From the moment our kids are born (or adopted), we begin to "let go," in small ways and in big ones. The major moments are obvious - giving up nursing (or bottles), potty-training, going off to kindergarten (or, gasp, college!), that first sleep-over, and on and on and on... But we had a smaller "letting go" moment this weekend at the first swim meet of the season. Sunny swam last year, but this is Smartie's first year on the swim team. There are swim meets every weekend for about eight weeks. Smartie's first meet was this weekend. Due to terrible weather and pool maintenance issues, she had only had a total of two hours of practice prior to the meet. And she's seven. And she's never swam competitively before. The night before the meet, she had a major melt-down, after Sunny told her (in a not-so-"sunny" moment), that she's "stupid, and she'll never make finals in the swim meet." Then, Saturday morning, prior to her first event, she cried and cried and cried and said she wasn't going to swim.
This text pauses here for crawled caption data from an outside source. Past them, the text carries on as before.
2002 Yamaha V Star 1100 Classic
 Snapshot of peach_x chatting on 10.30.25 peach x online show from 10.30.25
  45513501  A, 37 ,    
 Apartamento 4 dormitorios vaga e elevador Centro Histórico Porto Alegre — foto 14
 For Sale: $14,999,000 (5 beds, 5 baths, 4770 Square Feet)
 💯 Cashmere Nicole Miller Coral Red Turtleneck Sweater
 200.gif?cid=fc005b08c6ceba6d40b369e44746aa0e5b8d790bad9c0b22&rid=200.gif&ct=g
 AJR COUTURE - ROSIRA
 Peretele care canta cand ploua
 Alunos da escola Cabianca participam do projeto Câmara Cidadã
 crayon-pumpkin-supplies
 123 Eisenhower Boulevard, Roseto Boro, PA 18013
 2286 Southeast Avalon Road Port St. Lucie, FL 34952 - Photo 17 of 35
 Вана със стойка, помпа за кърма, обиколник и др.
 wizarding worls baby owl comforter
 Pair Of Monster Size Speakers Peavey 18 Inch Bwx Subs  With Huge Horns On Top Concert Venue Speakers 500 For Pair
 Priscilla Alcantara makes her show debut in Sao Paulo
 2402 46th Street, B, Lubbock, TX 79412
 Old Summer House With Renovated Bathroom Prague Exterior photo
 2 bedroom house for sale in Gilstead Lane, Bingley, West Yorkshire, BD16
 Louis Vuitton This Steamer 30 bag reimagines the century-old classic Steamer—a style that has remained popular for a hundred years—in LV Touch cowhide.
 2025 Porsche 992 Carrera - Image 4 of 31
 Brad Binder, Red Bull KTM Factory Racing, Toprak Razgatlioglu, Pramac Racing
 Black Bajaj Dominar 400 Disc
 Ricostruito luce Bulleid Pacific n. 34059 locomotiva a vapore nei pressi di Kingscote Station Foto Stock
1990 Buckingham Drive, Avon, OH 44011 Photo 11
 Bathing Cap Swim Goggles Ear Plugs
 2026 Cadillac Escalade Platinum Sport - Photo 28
The first event was a relay, with three other girls, who could not have competed without her. And I knew that I couldn't let her give in to the fear and back out. So, I gave her a hug and lots of encouragement and walked away to the bleachers. I asked some of the older swimmers to talk to her, crossed my fingers, and sat down with a Texas-sized lump in my throat. One of the other parents on the team is a stroke-judge, and was standing by Smartie while she got ready to swim the relay. She later told me that Smartie told her, "I'm not ready! There's no way I can swim all the way to the other side of the pool." She kept repeating that sentiment until it was her turn to swim. Then, as soon as her team-mate touched the side of the pool, she dived in and swam like hell to the other side. She was awesome! She wasn't the fastest, but she surely was the bravest. Because the definition of bravery is not the absence of fear, but facing fear and plunging forward despite it.